Cette situation est d’autant plus paradoxale qu’il y a plus de deux ans, l’Etat avait lancé le programme « Xeuyu ndawni » avec un budget de 450 milliards sur trois ans. A quelques mois de la fin de ce programme, la situation de l’emploi est plus que jamais préoccupante
Mais la raison n’est pas qu’économique. Aujourd’hui, plus que jamais, on a une combinaison de facteurs, à la fois économiques, politico-judiciaires, etc. qui rend encore plus sombre l’avenir des jeunes.
A cela s’ajoute une dimension sociologique du phénomène qui interpelle notre conception de l’emploi et de la réussite qui se traduit par une crise profonde de notre société où le matérialisme a pris le dessus sur tout et a fini de faire de la réussite une question de vie ou de mort.
Il s’agit d’une crise structurelle face à laquelle les déclarations d’intentions ne suffisent plus, l’hypocrisie et le populisme politique éhontés n’ont plus leur place au moment où le pays perd ses vaillants fils dans la mer et dans le désert.

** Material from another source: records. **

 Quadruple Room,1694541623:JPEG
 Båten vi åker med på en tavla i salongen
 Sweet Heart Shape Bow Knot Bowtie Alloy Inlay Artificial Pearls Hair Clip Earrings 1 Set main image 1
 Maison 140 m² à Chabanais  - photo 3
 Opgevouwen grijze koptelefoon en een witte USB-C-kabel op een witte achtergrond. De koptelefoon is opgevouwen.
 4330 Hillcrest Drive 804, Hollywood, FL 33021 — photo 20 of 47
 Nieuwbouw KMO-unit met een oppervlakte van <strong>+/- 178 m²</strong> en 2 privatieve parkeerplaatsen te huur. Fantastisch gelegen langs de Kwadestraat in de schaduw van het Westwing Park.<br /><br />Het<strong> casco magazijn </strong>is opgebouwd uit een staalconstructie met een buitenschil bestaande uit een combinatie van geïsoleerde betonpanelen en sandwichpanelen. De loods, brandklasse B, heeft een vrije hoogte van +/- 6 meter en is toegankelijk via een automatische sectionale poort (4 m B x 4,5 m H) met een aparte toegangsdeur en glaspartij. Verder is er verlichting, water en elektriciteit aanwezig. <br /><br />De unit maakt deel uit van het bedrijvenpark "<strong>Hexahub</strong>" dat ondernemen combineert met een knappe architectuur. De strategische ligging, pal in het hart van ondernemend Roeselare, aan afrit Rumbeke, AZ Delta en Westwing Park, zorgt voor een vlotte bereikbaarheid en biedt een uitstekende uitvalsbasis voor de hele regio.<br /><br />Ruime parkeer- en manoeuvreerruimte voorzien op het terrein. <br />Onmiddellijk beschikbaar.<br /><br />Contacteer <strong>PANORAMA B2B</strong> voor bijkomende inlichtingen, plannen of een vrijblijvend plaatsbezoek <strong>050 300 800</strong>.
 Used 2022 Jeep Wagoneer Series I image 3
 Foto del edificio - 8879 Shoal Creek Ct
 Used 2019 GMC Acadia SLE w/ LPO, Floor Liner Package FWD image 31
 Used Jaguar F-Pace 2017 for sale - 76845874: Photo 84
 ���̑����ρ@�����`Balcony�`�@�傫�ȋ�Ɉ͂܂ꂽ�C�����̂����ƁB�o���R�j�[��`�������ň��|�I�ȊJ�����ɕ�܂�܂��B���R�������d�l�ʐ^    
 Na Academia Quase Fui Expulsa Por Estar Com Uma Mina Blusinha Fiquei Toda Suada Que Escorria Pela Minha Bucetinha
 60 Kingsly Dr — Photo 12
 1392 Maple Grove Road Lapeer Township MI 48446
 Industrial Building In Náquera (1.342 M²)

La solution à cela viendra d’une approche intégrée du problème qui va questionner à la fois l’efficacité et l’efficience des politiques en matière d’emploi, la gouvernance des affaires publiques, le système éducatif et de formation, la culture de l’entreprenariat, le système financier, le cadre institutionnel d’accompagnement des PME, entre autres. Mais la construction d’une société solidaire et juste, avec un état de droit, qui donne les mêmes chances à tous, et où seul le travail est facteur de réussite, s’avère la fondation solide sans laquelle toute initiative dans ce sens serait un château de cartes.